Face à cette évolution somme toute positive de la situation générale au Liberia et en l’absence d’éléments suffisants de nature à étayer un risque concret de recrudescence générale des violences, les craintes exprimées par le demandeur ne sont pas de nature à fonder à l’heure actuelle une crainte justifiée de persécution, étant relevé que le demandeur n’a fourni aucun élément permettant d’admettre que sa situation diffère de celle de ses compatriotes.

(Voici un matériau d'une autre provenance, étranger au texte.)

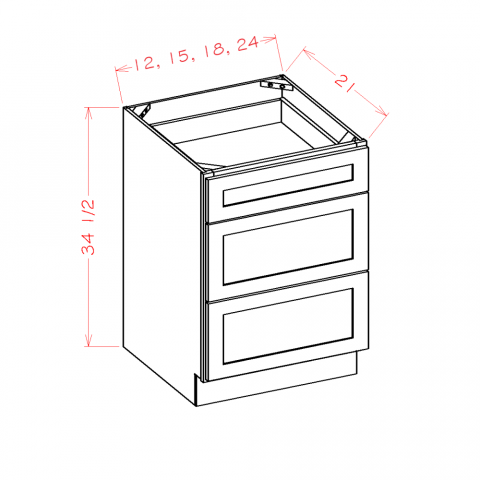 3VDB12 - Navy Shaker - Three Drawer Vanity Base Cabinet - 12"W x 34-1/2"H x 21"D -3DR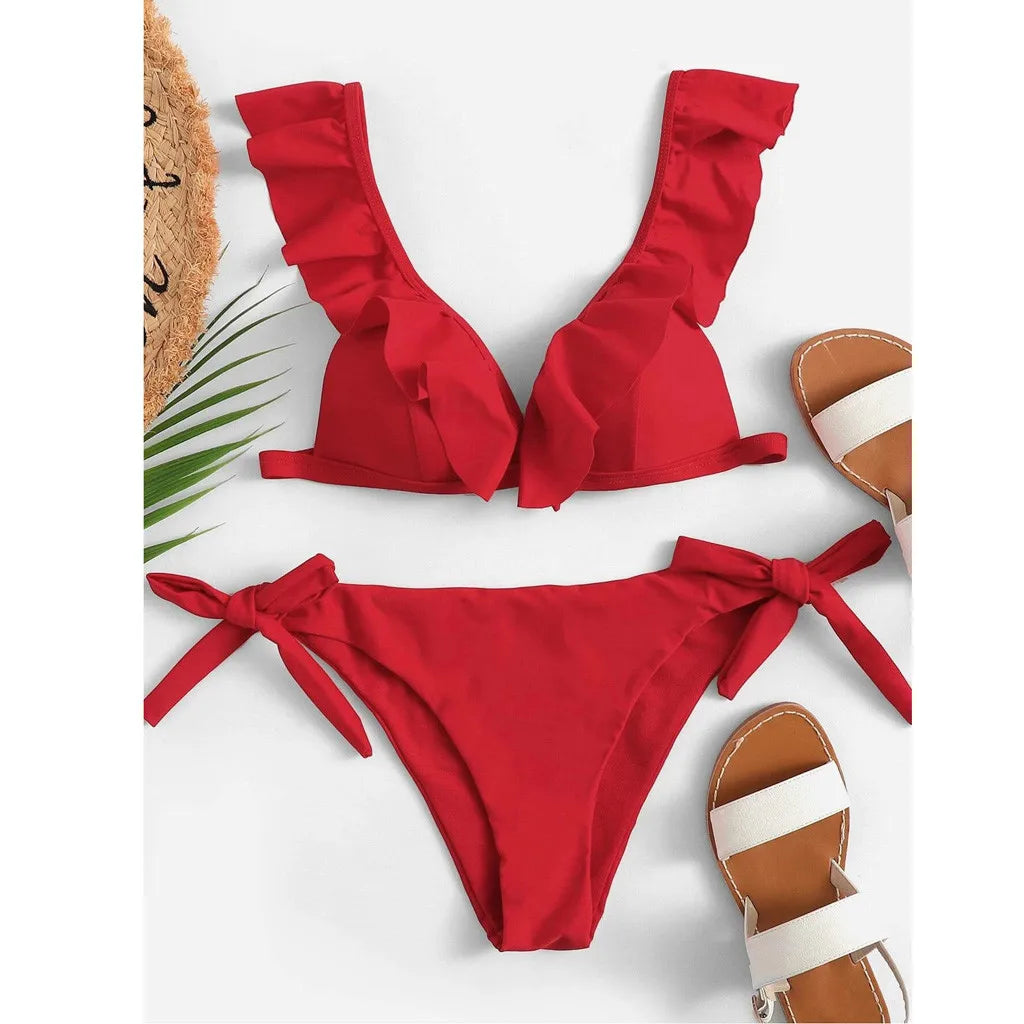 Bikinis High Waist Ruffle - Luxurise Fashion - 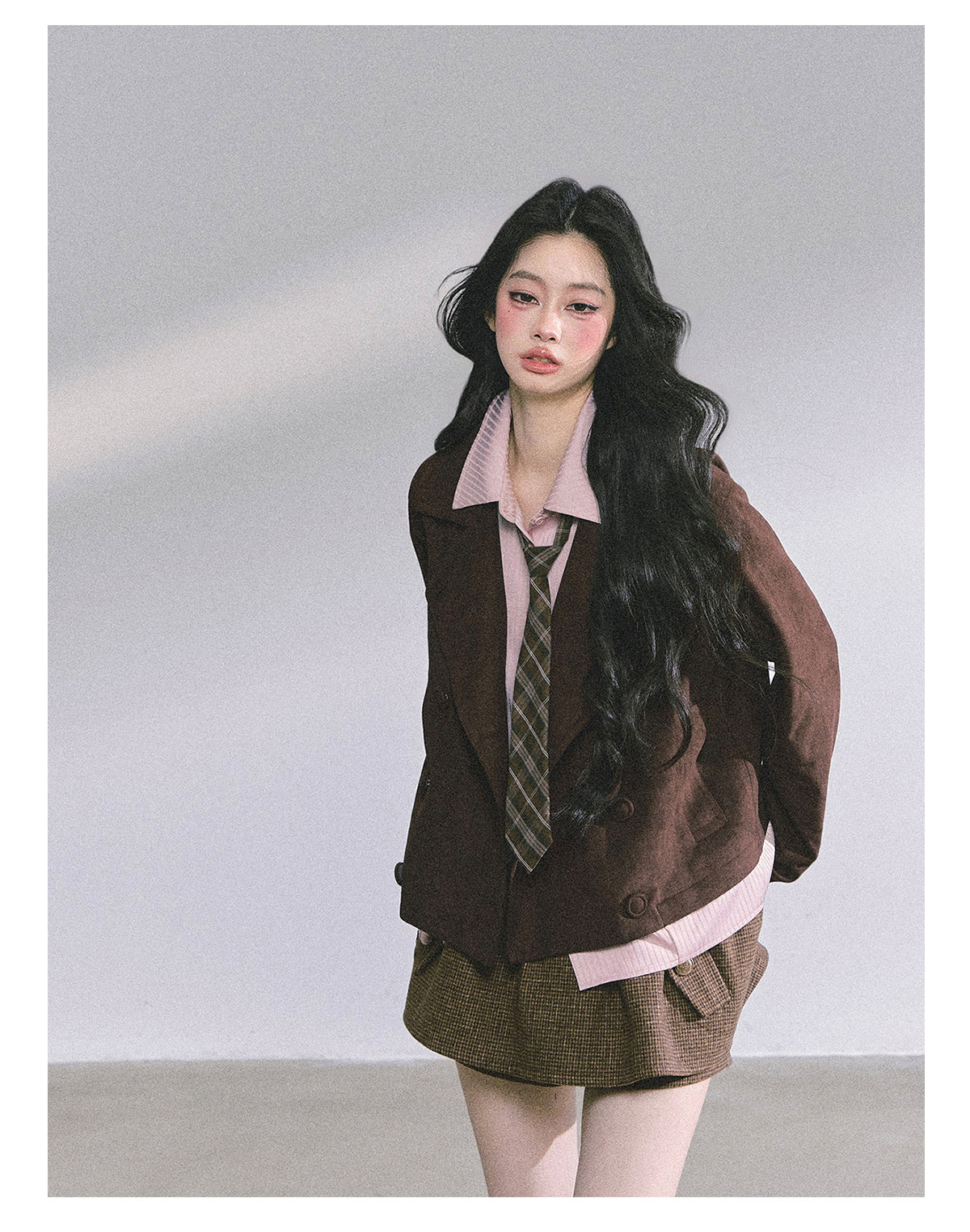 ShaoYeYan British Drama Trench Fake Two-Layer Blazer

Concernant le volet de la décision portant refus dans le chef du demandeur du bénéfice de la protection subsidiaire au sens de la loi du 5 mai 2006 relative au droit d’asile et à des formes complémentaires de protection, force est encore de retenir que c’est à juste titre que le ministre a estimé que le demandeur ne court pas, en cas de retour éventuel au Libéria, un risque réel de se voir infliger la peine de mort ou de se faire exécuter ou encore de subir des actes de torture ou des traitements ou sanctions inhumains ou dégradants respectivement de faire l’objet de menaces graves et individuelles contre sa vie en raison d’une violence aveugle en cas de conflit armé interne ou international.
En effet, les prétendues tensions interethniques ne sont pas suffisantes pour établir une impossibilité de retour à l’heure actuelle au Libéria.
Au vu de ce qui précède, le recours en réformation est à rejeter comme étant non fondé.
Par ces motifs, le tribunal administratif, première chambre, statuant contradictoirement, reçoit le recours en réformation en la forme, au fond, déclare le recours non justifié et en déboute, déclare le recours en annulation irrecevable, condamne le demandeur aux frais.
Ainsi jugé et prononcé à l’audience publique du 7 février 2007 par :
Mme Lenert, vice président, Mme Lamesch, premier juge, M Sünnen, juge, en présence de M. Schmit, greffier en chef.